Workspace enabled repositories should set the versions under the `workspace.metadata.rbmt.toolchains` namespace in the root `Cargo.toml`. If a repository is a single package without a workspace, use the `package.metadata.rbmt.toolchains` namespace instead.

```toml
[workspace.metadata.rbmt.toolchains]
nightly = "nightly-2026-03-13"
stable = "1.93.1"
```

The current versions can be queried with the `--msrv`, `--stable`, or `--nightly` flags.

```bash
cargo +$(cargo rbmt toolchains --nightly) test --features one-off
```

The `--update-nightly` and `--update-stable` flags each install the corresponding floating toolchain, query its resolved version from `rustc`, and write the result to the appropriate version file before proceeding with the normal install and export.

## Tools

The `tools` command installs external cargo tools whose versions are pinned in the *root* `Cargo.toml` manifest. The preferred location is `[workspace.metadata.rbmt.tools]`.

```toml
[workspace.metadata.rbmt.tools]
cargo-semver-checks = "0.46.0"
cargo-public-api = "0.50.1"
```

For single-package repos with no explicit `[workspace]` table, `[package.metadata.rbmt.tools]` is supported as a fallback.

```bash
# Install all tools at their pinned versions.
cargo rbmt tools

# Install only a specific tool.
cargo rbmt tools cargo-semver-checks

# Install each tool at its latest version and update the pins in Cargo.toml.
cargo rbmt tools --update

# Update only a specific tool.
cargo rbmt tools --update cargo-public-api
```

The `--update` flag installs each tool without a version constraint, then reads the resolved version back from `cargo install --list` and writes it into `Cargo.toml`. The resulting diff can be reviewed and committed as a deliberate version bump.

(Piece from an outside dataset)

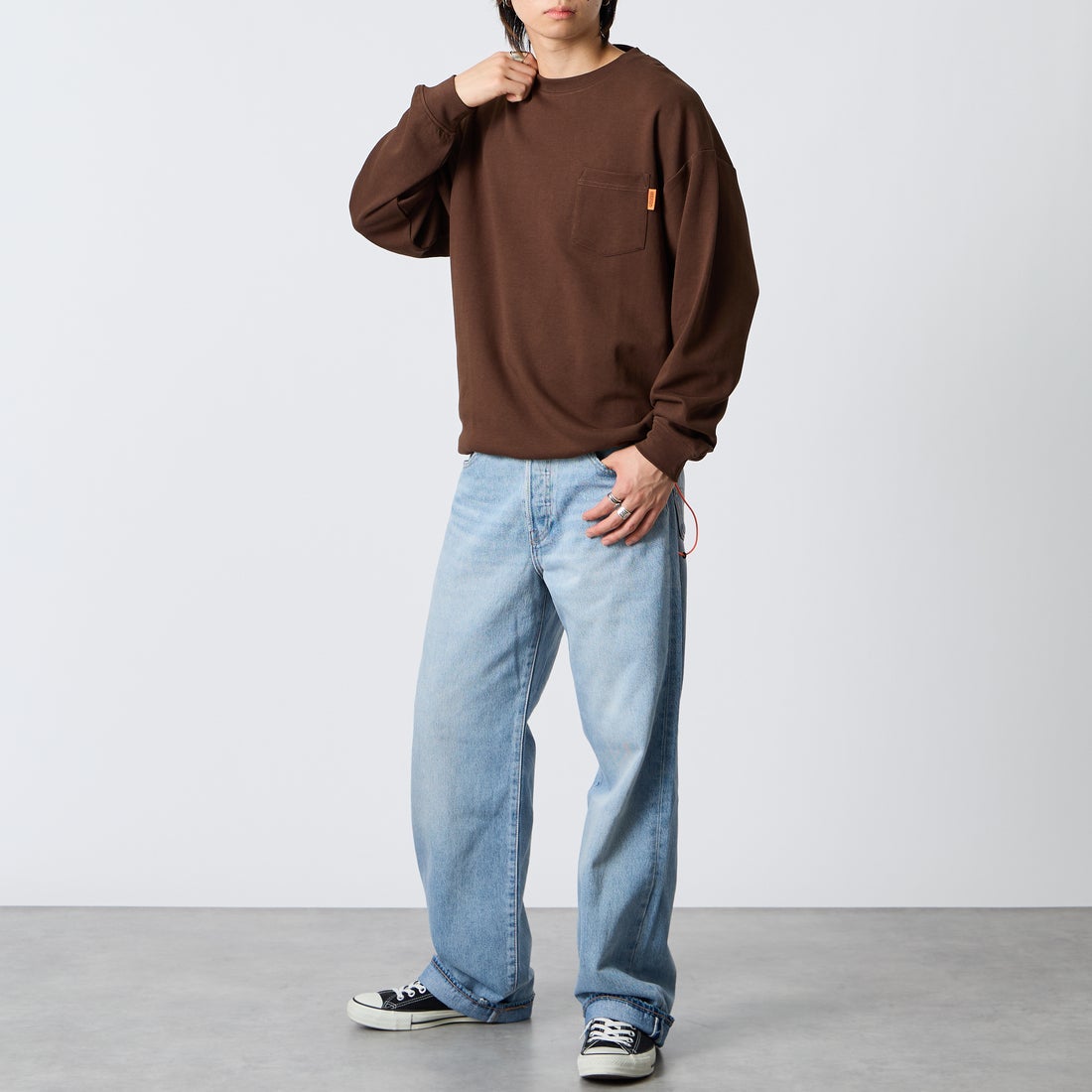 UNIVERSAL OVERALL [ユニバーサルオーバーオール] 別注 ドローコード付き ポンチロングスリーブTシャツ [U2633230IN-JF] BROWN &&モデル身長：177cm 着用サイズ：L&&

> **Note:** Tools are installed via `cargo install`. Installing or updating a tool overwrites any previously installed version of that binary system-wide. If you rely on a specific version of a tool outside of this workflow, be aware that running `cargo rbmt tools` will replace it with the pinned version.

## Workspace Integration

`cargo-rbmt` can simply be installed globally on a system or added as a dev-dependency to a package.

### 1. Install on system

Install the tool globally on your system with `cargo install`.

```bash
cargo install cargo-rbmt@0.1.0
```

Then run from anywhere in your repository as a cargo subcommand. It can also be called directly as `cargo-rbmt`.

```bash
cargo rbmt lint
```

### 2. Add as a dev-dependency

Add as a dev-dependency to a workspace member. This pins the tool version in your lockfile for reproducible builds. But this also means that `cargo-rbmt` dependencies could influence version resolution for the workspace.

```toml
[dev-dependencies]
cargo-rbmt = "0.1.0"
```

Then run via cargo.

```bash
cargo run --bin cargo-rbmt -- lint
```

It might be worth wrapping in an [xtask](https://github.com/matklad/cargo-xtask) package for a clean interface.

## CI Actions

A composite action is provided to make it easy to use `cargo-rbmt` in Github/Forgejo Actions CI. Although it might be easier to write a custom action per-repository.

For faster CI runs, consider adding cargo build caching to your workflow with something like `Swatinem/rust-cache`.

```yaml
steps:
  - uses: actions/checkout@v6
  - uses: Swatinem/rust-cache@v2
  - uses: rust-bitcoin/rust-bitcoin-maintainer-tools/.github/actions/setup-rbmt@master
  - run: cargo rbmt test
```

See the [action](../actions/setup-rbmt/action.yml) for more details.